Re: Heidegger and Marx

Chris wrote:
communism as

exemplified by the Soviet Union was the most advanced form of the

technological frenzy of modern nihilism.

As confirmation of Chris's astute observations, one could consult
Volume 15 of the Gesamptausgabe, pp. 387-394. Taken from
transcripts of a 1973 seminar, Heidegger attempts to supplement the
underdeveloped remarks on Marx from the "Letter on Humanism." There
are some interesting twists and turns in Heidegger's interpretation.
Based mainly on Marx's "Contributions to a critique of Hegel's
_Philosophy of Right_," Heidegger claims that his reading is "not
political,' but is rather read against the background of the history
of being. Here Heidegger makes a perhaps startling claim: "The
position of the most extreme nihilism is reached with Marx" (393).
Marx's subjectivist ontology of man as worker consumates
metaphysically the Ge-stell confirmed in atomic energy (391).
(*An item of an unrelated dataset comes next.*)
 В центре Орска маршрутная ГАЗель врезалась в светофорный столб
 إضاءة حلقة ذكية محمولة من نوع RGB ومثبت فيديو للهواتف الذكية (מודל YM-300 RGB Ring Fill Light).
Interestingly, it is after the sustained critique of Marx that
Heidegger launches his final return to Parmenides (as providing
access to being). On a superficial level this supports the idea
that Heidegger has replaced Nietzsche with Marx in the history of
being (in the twenty years since _What is Called Thinking_).

I take this as a sign that Heidegger recognized, by the end of his
life, the shortcomings of his Nietzsche interpretation.